STORED DATA ::
= Beginning of Section =
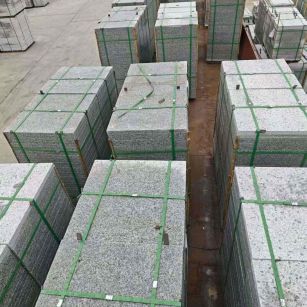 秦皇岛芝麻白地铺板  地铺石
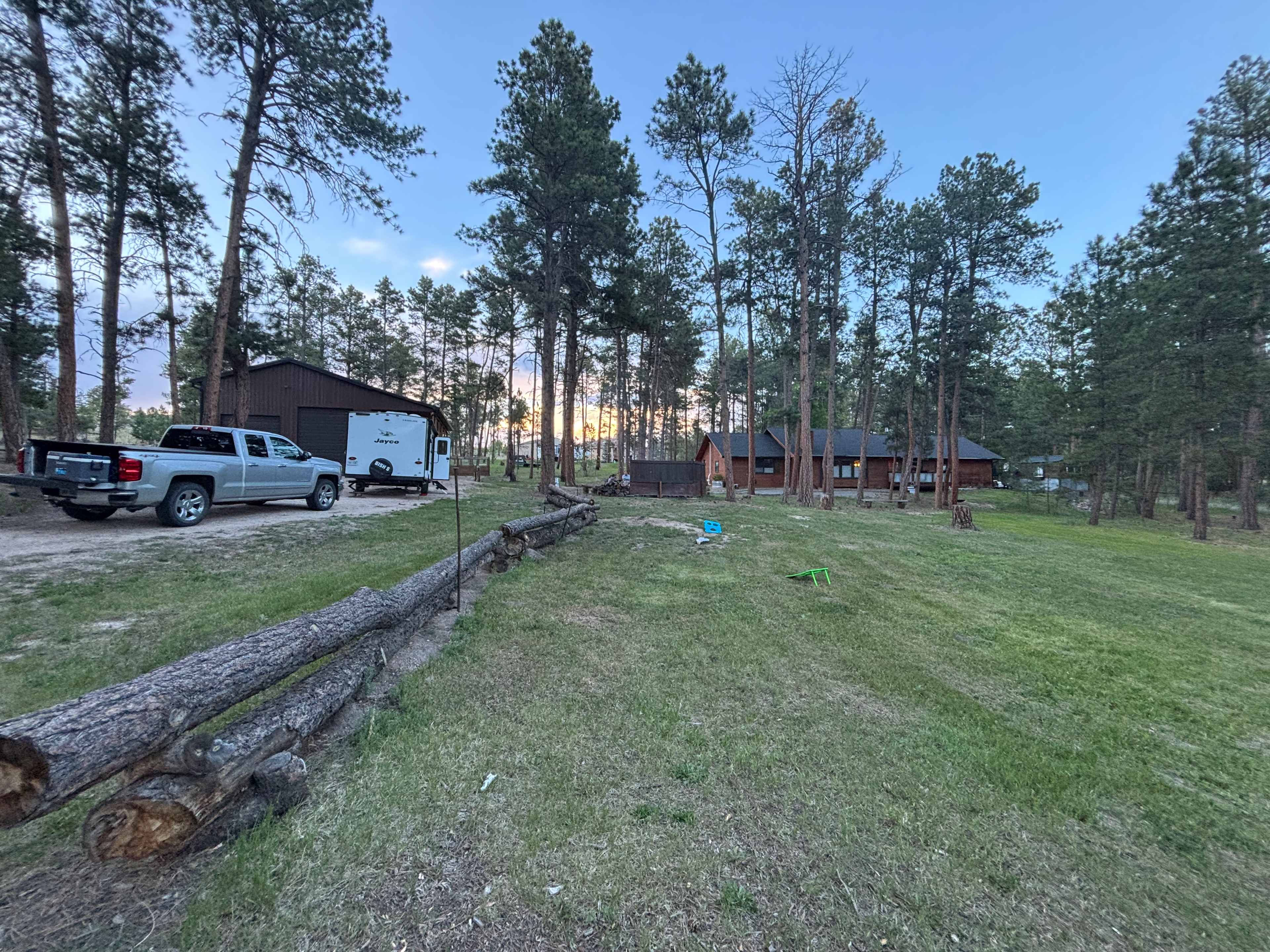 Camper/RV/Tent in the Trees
= End of Section =
= Beginning of Section =
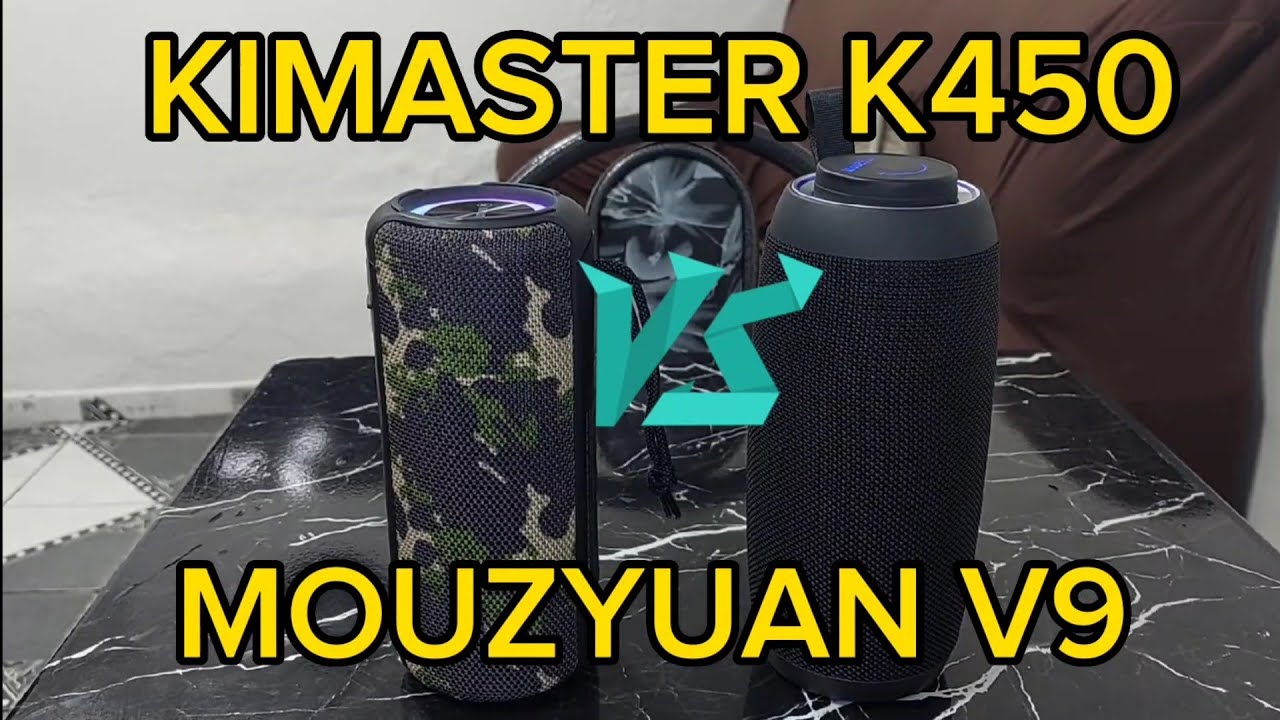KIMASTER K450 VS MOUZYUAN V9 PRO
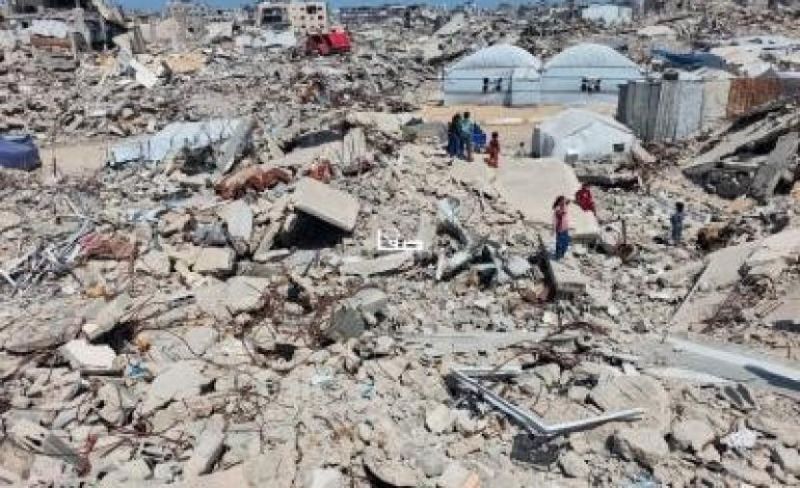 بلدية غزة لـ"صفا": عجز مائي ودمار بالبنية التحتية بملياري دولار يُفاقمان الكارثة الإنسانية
= End of Section =
TRY IT :: For the material above, give again only the lines starting at the line that contains "KIMASTER K450 VS MOUZYUAN V9 PRO" and ending at the line that contains "يُفاقمان الكارثة الإنسانية". Pictures do not belong in the copy.

EXERCISE RESULT ::
KIMASTER K450 VS MOUZYUAN V9 PRO
 بلدية غزة لـ"صفا": عجز مائي ودمار بالبنية التحتية بملياري دولار يُفاقمان الكارثة الإنسانية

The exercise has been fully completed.